Raiders Rumble! Round 19 v Bulldogs

BY DAN

I’m proud of you.

You keep turning up. Week after week. In the vain hope that this ship, gurgling its way to the bottom of Lake Burley Griffin, will remain afloat.

Maybe this is the week it all turns around? Yeah I think we’ve all said that, in print, to our loved ones, to the mirror. The end of the week comes and instead of wondering about enjoying our life, the cold sweats, bargaining, and anxiety return. Football. Raiders. Urgh.

This week feels a little bit lighter, if only because a host of familiar faces are back. Papa has walked in the door, bringing with him a quiet assuredness and a know-how that has been sorely lacking in recent weeks. Sometimes you need to learn, or at least remember, how to win. This team has felt the depths of the fall this year, and maybe the big guy can bring some stability, and some confidence, to a side lacking it.

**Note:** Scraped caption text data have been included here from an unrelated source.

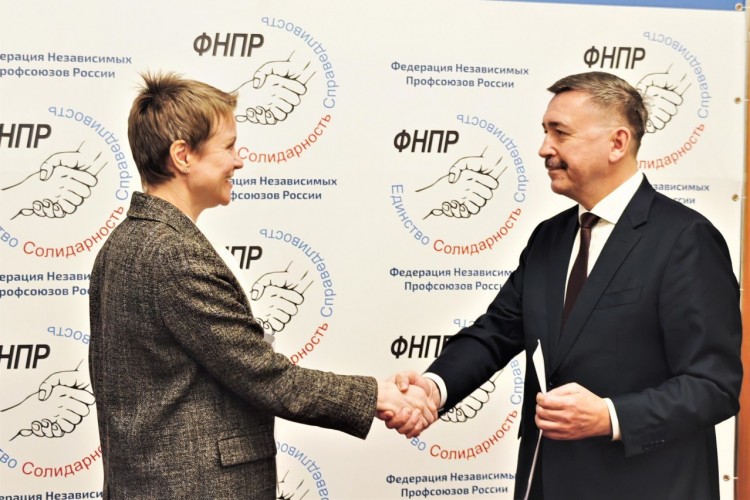 ФНПР и «Сириус» объединят усилия для создания образовательных программ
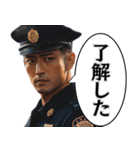 毎日使える警察官。（個別スタンプ：31）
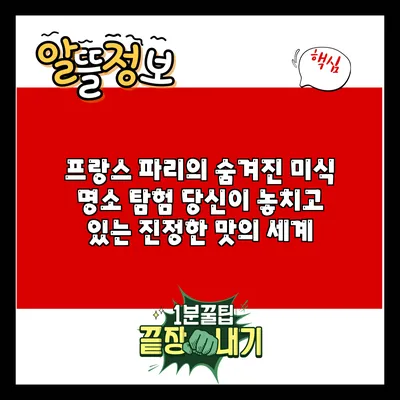 프랑스 파리의 숨겨진 미식 명소 탐험: 당신이 놓치고 있는 진정한 맛의 세계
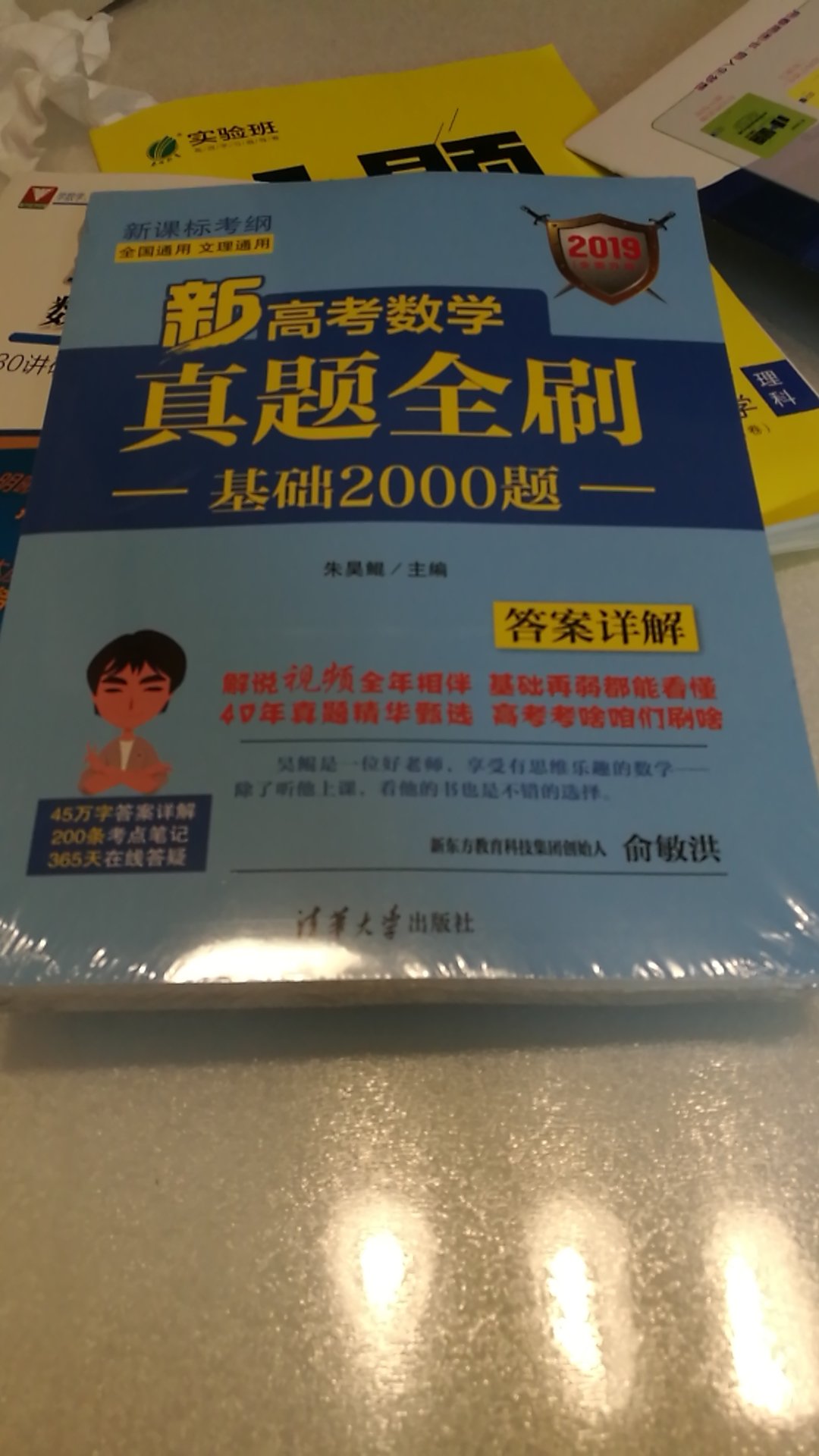 印刷清晰，物流快，正品，复习好帮手，大品牌值得信赖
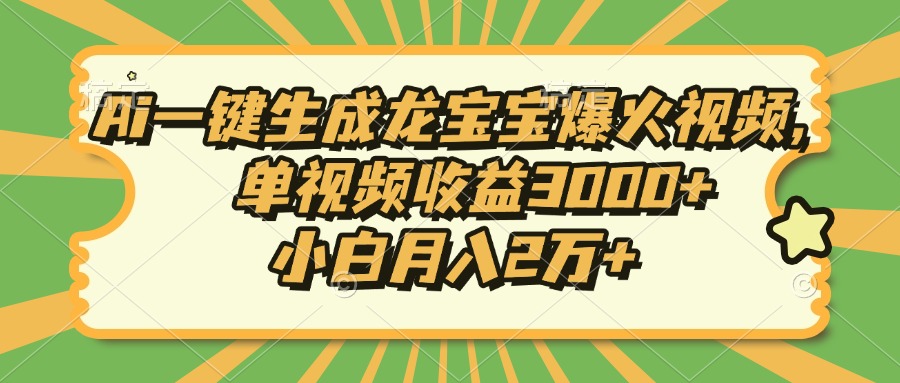 Ai一键生成龙宝宝爆火视频，小白月入2万+，单视频收益3000+小鳄启创-网创项目资源站-副业项目-创业项目-搞钱项目小鳄启创
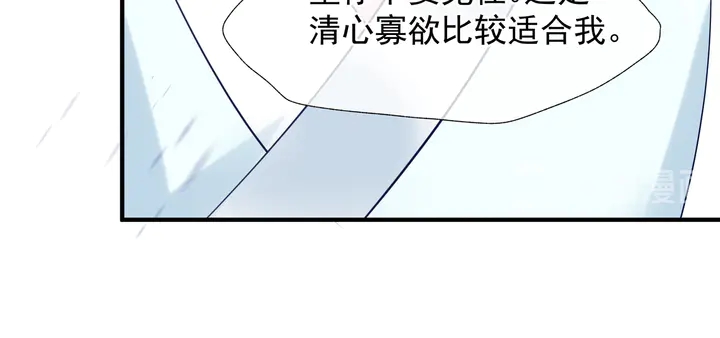 魔尊要抱抱韩漫全集-第57话 无情岂似多情苦？无删减无遮挡章节图片 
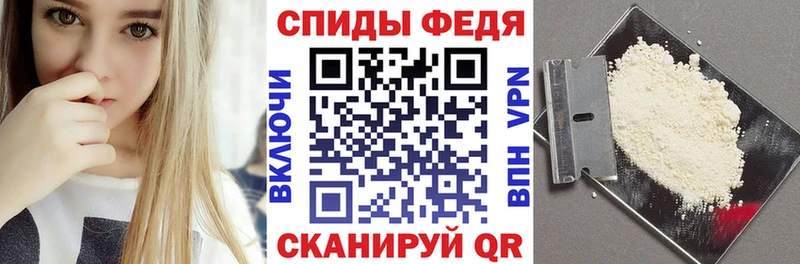 Амфетамин Premium  как найти закладки  мориарти Telegram  Сельцо 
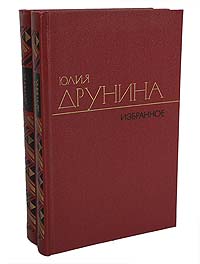 Юлия Друнина. Избранное в 2 томах (комплект из 2 книг)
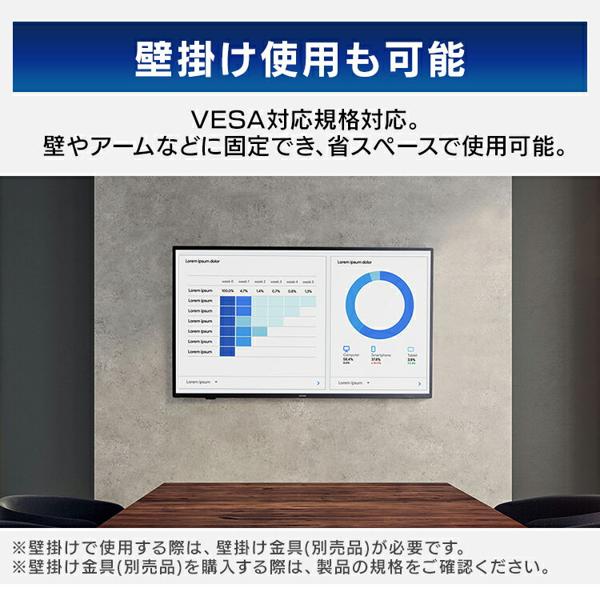 楽天市場】アイリスオーヤマ IRIS 4K大型液晶ディスプレイ 50インチ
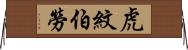 虎紋伯勞 Horizontal Wall Scroll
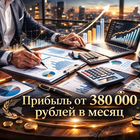 Успешное маркетинговое агентство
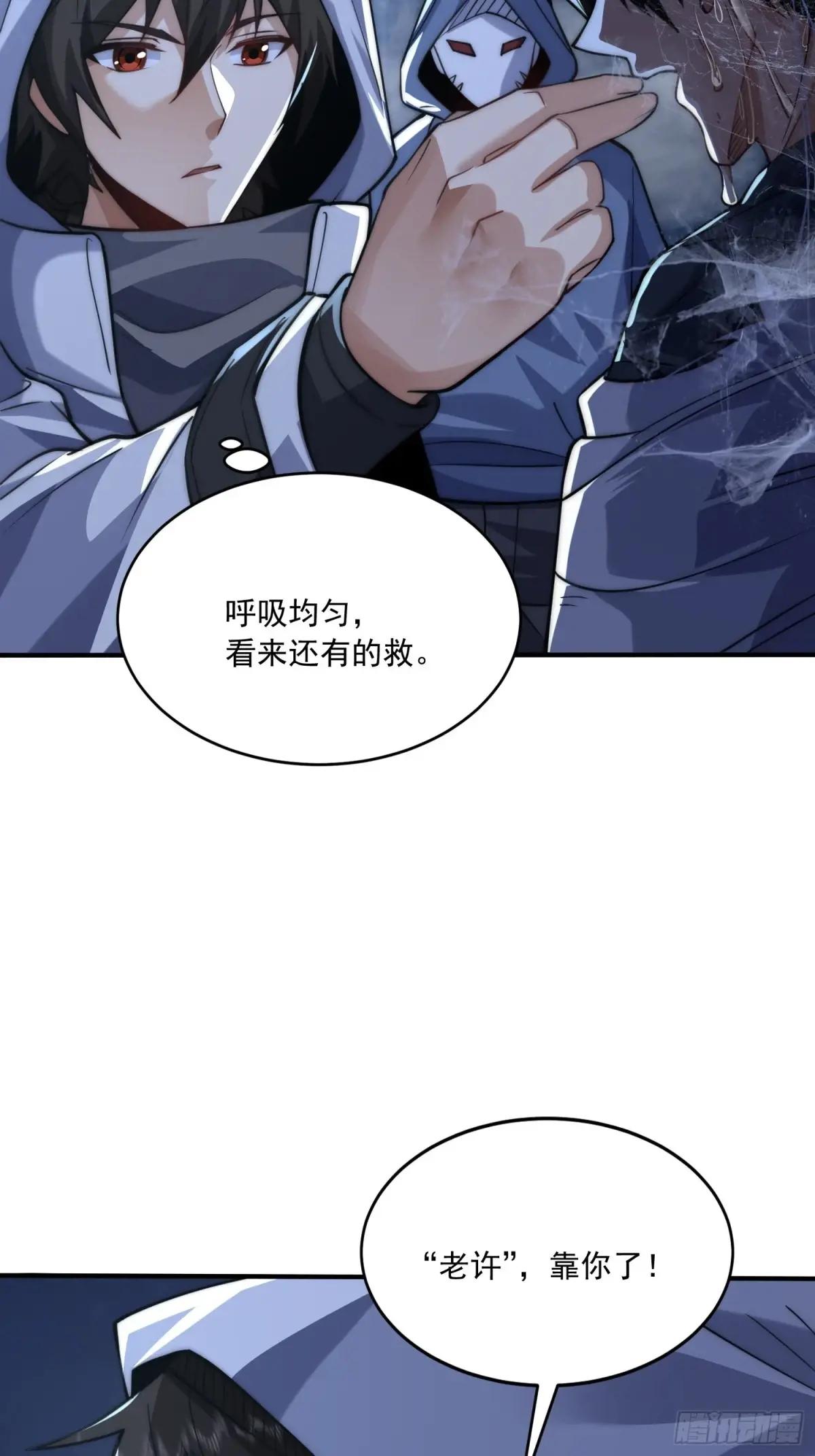 368 我去跳绳了 第56页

He’s joined in the 17 by Noah Martin. It’s a sign of how highly the club rates Martin, and trusts his physical situation, that he’s in a presumably 80 minute role on the right-edge, despite not seeing the field in months. That allows the club to shift Zac Hosking to 13, adding pace and agility in the middle, and better defensive cover for Owen Pattie.

This makeup is future focused. In a perfect world this spine will be the Raiders’ when they win the premiership in 2027 and beyond. Pattie is more artistic than Sanders. Strange is more destructive than either. Weekes is the Ferrari, and Sanders, when fully-formed, the cool-eyed captain. If the pack plays to their potential. If the backs are given some space to operate and an urgency to match. If if if. Someone call Gino D’Acampo.

The opposition have quietly been picking up the pieces of a season that had cratered as bad as the Raiders. They got to work earlier, and have won four of their last five games. That’s coincided with the reduction of the use of the set restart, clocked by the Rugby League Eye Test as starting around round 13. It’s allowed the return of their defensive prowess, and they’ve beaten the Storm and Manly during that run, so it’s not fool’s gold.

The Dogs are a curious beast. They barely rest a week before Cam Ciraldo wants to change the spine in some way. Last year it was interrupting a winning side to move on their creative hooker and sack their performing half. Now they took their long-term six Matt Burton, moved him to centre, moved their long-term centre, Stephen Crichton to six.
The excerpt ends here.